Re: [next-20260108]kernel BUG at drivers/scsi/scsi_lib.c:1173!
From: Ming Lei
Date: Fri Jan 09 2026 - 08:19:37 EST
On Fri, Jan 09, 2026 at 05:51:15PM +0530, Venkat Rao Bagalkote wrote:
>
> On 09/01/26 5:25 pm, Ming Lei wrote:
> > On Fri, Jan 09, 2026 at 05:14:36PM +0530, Venkat Rao Bagalkote wrote:
> > > On 09/01/26 12:19 pm, Ming Lei wrote:
> > > > On Thu, Jan 08, 2026 at 09:56:39PM -0800, Christoph Hellwig wrote:
> > > > > I've seen the same when running xfstests on xfs, and bisected it to:
> > > > >
> > > > > commit ee623c892aa59003fca173de0041abc2ccc2c72d
> > > > > Author: Ming Lei <ming.lei@xxxxxxxxxx>
> > > > > Date: Wed Dec 31 11:00:55 2025 +0800
> > > > >
> > > > > block: use bvec iterator helper for bio_may_need_split()
> > > > >
> > > > Hi Christoph and Venkat Rao Bagalkote,
> > > >
> > > > Unfortunately I can't duplicate the issue in my environment, can you test
> > > > the following patch?
> > > >
> > > > diff --git a/block/blk.h b/block/blk.h
> > > > index 98f4dfd4ec75..980eef1f5690 100644
> > > > --- a/block/blk.h
> > > > +++ b/block/blk.h
> > > > @@ -380,7 +380,7 @@ static inline bool bio_may_need_split(struct bio *bio,
> > > > return true;
> > > > bv = __bvec_iter_bvec(bio->bi_io_vec, bio->bi_iter);
> > > > - if (bio->bi_iter.bi_size > bv->bv_len)
> > > > + if (bio->bi_iter.bi_size > bv->bv_len - bio->bi_iter.bi_bvec_done)
> > > > return true;
> > > > return bv->bv_len + bv->bv_offset > lim->max_fast_segment_size;
> > > > }
> > > Hello Ming,
> > >
> > >
> > > This is not helping.
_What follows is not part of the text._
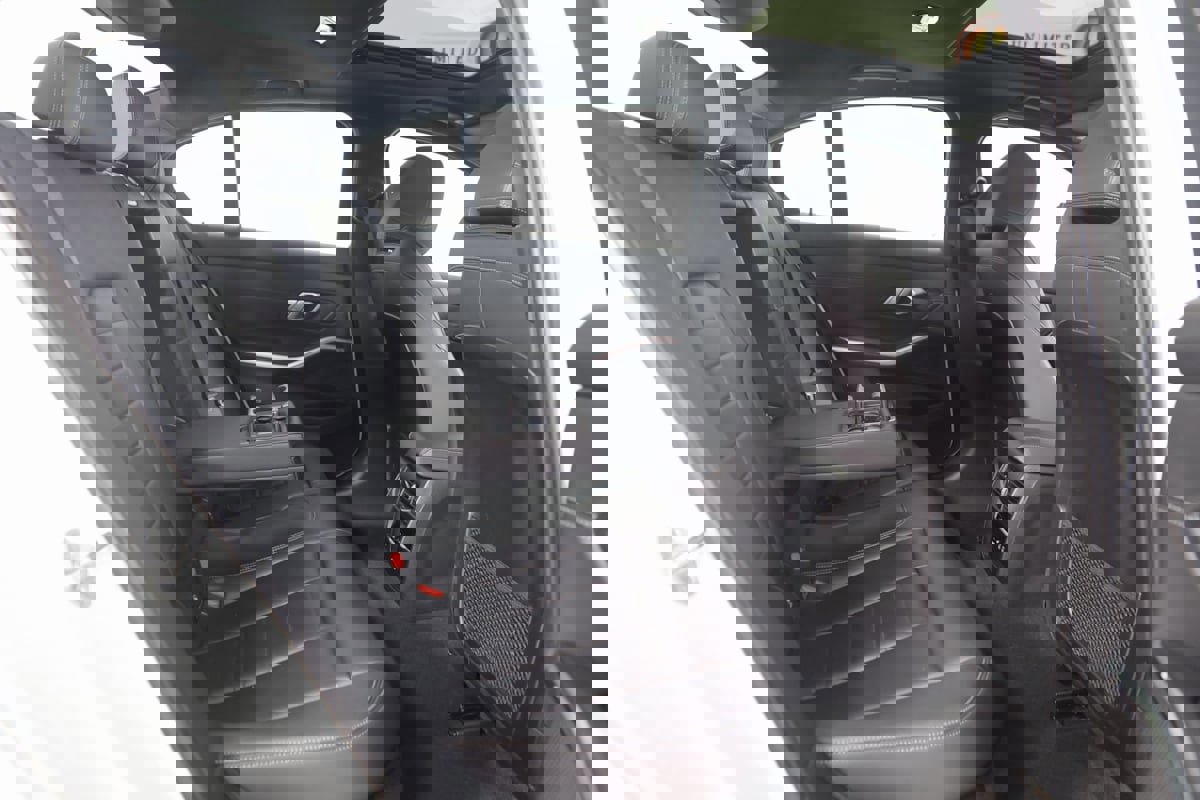 Used 2022 BMW 330i xDrive Sedan w/ M Sport Package image 14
I am hitting this issue, during kernel build itself.
> > Can you confirm if it can fix the blktests ext4/056 first?
> >
> > If kernel building is running over new patched kernel, please provide the
> > dmesg log. And if it is reproduciable, can you confirm if it can be fixed
> > by reverting ee623c892aa59003 (block: use bvec iterator helper for bio_may_need_split())?
>
>
> Unfortunately, even with revert, build fails.
>
>
>
> commit c64b2ee9cddcb31546c8622ef018d344544a9388 (HEAD)
> Author: Super User <root@xxxxxxxxxxxxxxxxxxxxxxxxxxx>
> Date: Fri Jan 9 06:51:19 2026 -0600
>
> Revert "block: use bvec iterator helper for bio_may_need_split()"
>
> This reverts commit ee623c892aa59003fca173de0041abc2ccc2c72d.
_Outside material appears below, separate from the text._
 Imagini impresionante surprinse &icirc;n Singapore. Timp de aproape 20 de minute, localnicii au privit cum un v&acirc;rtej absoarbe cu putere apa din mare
OK, then your issue isn't related with the above change.
Can you reproduce & collect dmesg log with the bad sg/rq/bio/bvec info by
applying the attached debug patch?
Also if possible, please collect your scsi queue's limit info before
reproducing the issue:
(cd /sys/block/$SD/queue && find . -type f -exec grep -aH . {} \;)
Thanks,
Ming
diff --git a/block/blk-mq-dma.c b/block/blk-mq-dma.c
index 752060d7261c..33c1b6a0a738 100644
--- a/block/blk-mq-dma.c
+++ b/block/blk-mq-dma.c
@@ -4,8 +4,75 @@
*/
#include <linux/blk-integrity.h>
#include <linux/blk-mq-dma.h>
+#include <linux/scatterlist.h>
#include "blk.h"
+static void dump_rq_mapping_debug(struct request *rq, struct scatterlist *sglist,
+ int nsegs)
+{
+ struct scatterlist *sg;
+ struct bio *bio;
+ struct bvec_iter iter;
+ struct bio_vec bv;
+ int i;
+
+ pr_err("=== __blk_rq_map_sg DEBUG DUMP ===\n");
+ pr_err("DISK: %s\n", rq->q->disk ? rq->q->disk->disk_name : "(null)");
+
+ /* Dump nsegs vs expected */
+ pr_err("nsegs=%d nr_phys_segments=%u\n",
+ nsegs, blk_rq_nr_phys_segments(rq));
+
+ /* Dump request info */
+ pr_err("REQUEST: __data_len=%u __sector=%llu cmd_flags=0x%x "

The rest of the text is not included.